If you were planning to run your first marathon, you wouldn’t get up on the day of the marathon and expect to run 26.2 miles. So, if you’re not accustomed to focusing for long periods of time, don’t sit at your desk and tell yourself you’re going to work for an hour or more on a project. It is a recipe for frustration. If you were training for a marathon, you’d start small and work up to 26.2 miles over time. My friends who have trained for marathons have all followed some type of interval training method. One of the best ways to condition your body is to use interval training. Our muscles respond very well to short bursts of intense training, followed by lighter training or rest. Our brains work the same way. You can increase your ability to focus by starting out with short blocks of focus time and building up to longer periods of intense focus. Here’s how:
- Use a timer and create presets.
- Start small. Create a “Focus Preset” for 10 minutes and a “Break Preset” for two minutes. Tell yourself you are going to focus on a particular task, completely uninterrupted for 10 minutes. Then give yourself a two-minute break.
- Create additional presets of 15 minutes, 25 minutes, 45 minutes, 60 minutes and 90 minutes. And create a five-minute break and a 10-minute break. You could also apply the concept of working 25 minutes and then taking a five-minute break. This way of working is known as The Pomodoro Technique. It’s a powerful tool for getting work done in a highly focused way. For more information on The Pomodoro Technique, visit http://www.pomodorotechnique.com.
- If you can, work up to 90 minutes of focus time. Then give yourself a 10-minute break. Brain research has shown that 90 minutes is the optimal amount of time our brains can focus on one thing.
Get regular exercise.
Exercise is good for you. You already know that. But what you may not know is that exercise is not only good for your physical health; it’s good for your brain. Regular exercise can help to improve your mental focus and dexterity. Even 15 minutes a day of aerobic exercise – something as simple as a brisk walk – can improve your ability to focus.
Get enough sleep.
Most of us need at least seven to eight hours of sleep to be at our best. Recent research has shown that some people may need as many as nine hours a night.[6:4] Unfortunately, many of us suffer from “sleep debt,” a chronic lack of sleep that can accumulate over time. Sleep debt not only impacts our ability to focus, it can lead to serious health issues such as increased risk of stroke, heart disease, weight gain, diabetes and memory loss.
Living the Lesson
- Notice when you are multitasking, and make a conscious effort to reduce the amount of multitasking you do each day.
- Turn off email notifications. Pop-ups and audio notifications are constant sources of distraction and can destroy your focus. Remember: If you’re waiting for an important email, you can always check for it.
- Start with shorter periods for focus and work up to longer periods, but no longer than 90 minutes without a break.
- Try using earplugs to block extraneous noises. I got in the habit of using earplugs when I was studying for the bar exam. They can really help you shut out the world around you when you want to focus. You may also want to try listening to music with headphones to drown out distractions. The key to using music to help you focus is to find the right “background” music for you. You want the music to help you focus and not be a further distraction for you!

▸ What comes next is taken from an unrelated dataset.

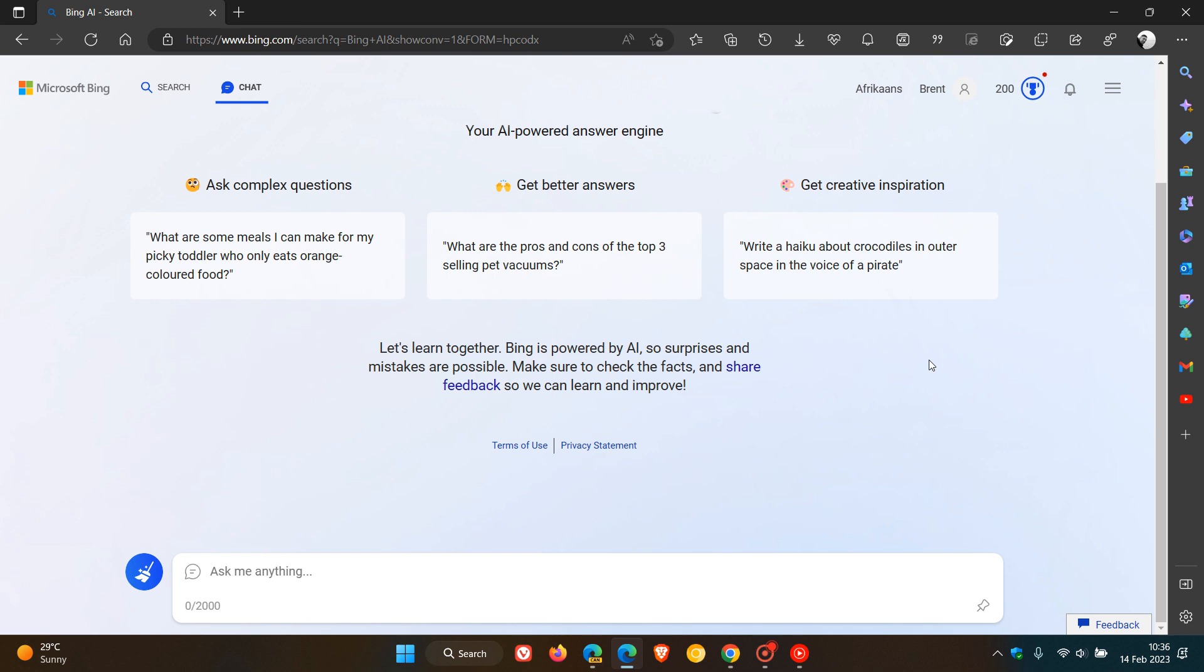One thing to take note of, it's still early days. So Microsoft does say Bing is powered by AI, artificial intelligence, so surprises and mistakes are possible. And they also note that if you do try to ask the chatbot unethical and dishonest questions, it's not going to give you any response and give you any answers.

[6:1] Symptoms or criteria for diagnosis of ADD from the DSM-IV Diagnostic and Statistical Manual of Mental Disorders. Retrieved from http://www.mental-health-today.com/add/dsm.htm
[6:2] Hallowell, Edward M. (2007). CrazyBusy. Ballantine Books.
[6:3] Retrieved from http://blogs.hbr.org/hmu/2009/01/pay-attention-an-interview-wit.html.
[6:4] Jackson, Maggie (2009). The Dangers of Distraction, The Erosion of Attention and the Coming Dark Age. Prometheus Books.
[6:5] Crenshaw, Dave (2008). The Myth of Multitasking: How Doing It All Gets Nothing Done. Jossey-Bass.